Say how many lines in the listing below contain the word "Free". Give the number alone.

---*---

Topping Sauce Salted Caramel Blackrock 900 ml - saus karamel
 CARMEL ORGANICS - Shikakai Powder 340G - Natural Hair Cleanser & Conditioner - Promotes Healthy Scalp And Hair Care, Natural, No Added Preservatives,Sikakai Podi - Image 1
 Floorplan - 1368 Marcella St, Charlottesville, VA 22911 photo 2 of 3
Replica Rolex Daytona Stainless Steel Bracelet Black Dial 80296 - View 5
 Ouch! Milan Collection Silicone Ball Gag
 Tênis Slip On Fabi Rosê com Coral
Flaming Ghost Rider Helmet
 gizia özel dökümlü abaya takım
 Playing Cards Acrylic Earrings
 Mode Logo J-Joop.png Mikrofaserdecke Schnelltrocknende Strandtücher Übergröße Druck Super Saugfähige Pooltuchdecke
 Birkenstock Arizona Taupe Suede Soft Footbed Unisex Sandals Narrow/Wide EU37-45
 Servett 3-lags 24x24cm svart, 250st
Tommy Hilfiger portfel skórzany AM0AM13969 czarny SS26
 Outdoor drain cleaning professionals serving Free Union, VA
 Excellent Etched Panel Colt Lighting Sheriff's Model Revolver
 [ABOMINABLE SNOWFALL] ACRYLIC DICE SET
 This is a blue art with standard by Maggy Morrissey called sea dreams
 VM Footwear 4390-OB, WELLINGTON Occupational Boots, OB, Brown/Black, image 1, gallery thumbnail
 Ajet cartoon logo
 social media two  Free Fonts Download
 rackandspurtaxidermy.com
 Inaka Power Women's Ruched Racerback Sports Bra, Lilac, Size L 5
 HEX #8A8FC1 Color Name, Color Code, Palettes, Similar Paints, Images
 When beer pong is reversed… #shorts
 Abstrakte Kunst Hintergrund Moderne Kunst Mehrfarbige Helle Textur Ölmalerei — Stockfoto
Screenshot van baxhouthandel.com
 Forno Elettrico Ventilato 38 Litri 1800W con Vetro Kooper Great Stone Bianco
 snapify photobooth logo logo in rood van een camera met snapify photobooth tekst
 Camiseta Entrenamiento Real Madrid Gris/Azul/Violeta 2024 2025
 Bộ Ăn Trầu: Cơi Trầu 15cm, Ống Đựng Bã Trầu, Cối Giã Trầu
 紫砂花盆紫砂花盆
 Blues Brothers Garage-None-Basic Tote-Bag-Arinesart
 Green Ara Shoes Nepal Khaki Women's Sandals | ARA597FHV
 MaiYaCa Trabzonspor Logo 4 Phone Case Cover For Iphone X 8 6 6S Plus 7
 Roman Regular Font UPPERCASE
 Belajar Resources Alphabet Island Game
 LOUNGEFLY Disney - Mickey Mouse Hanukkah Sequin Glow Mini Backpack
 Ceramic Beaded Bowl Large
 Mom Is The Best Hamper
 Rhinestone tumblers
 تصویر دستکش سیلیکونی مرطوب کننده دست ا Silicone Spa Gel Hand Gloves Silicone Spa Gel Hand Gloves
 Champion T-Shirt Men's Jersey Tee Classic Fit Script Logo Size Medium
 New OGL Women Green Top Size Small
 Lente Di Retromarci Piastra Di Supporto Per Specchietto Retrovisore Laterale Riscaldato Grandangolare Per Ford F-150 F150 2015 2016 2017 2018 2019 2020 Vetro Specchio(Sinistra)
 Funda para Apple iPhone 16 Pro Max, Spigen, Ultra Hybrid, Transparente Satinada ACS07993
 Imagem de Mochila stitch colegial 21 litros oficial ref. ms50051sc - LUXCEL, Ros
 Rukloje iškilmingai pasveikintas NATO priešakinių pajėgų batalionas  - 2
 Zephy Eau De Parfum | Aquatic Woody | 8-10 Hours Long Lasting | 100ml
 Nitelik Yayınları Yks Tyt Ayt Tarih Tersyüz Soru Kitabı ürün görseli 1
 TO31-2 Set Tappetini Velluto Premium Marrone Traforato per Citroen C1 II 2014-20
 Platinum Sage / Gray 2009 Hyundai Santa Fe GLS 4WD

---*---

WRITTEN SOLUTION:
2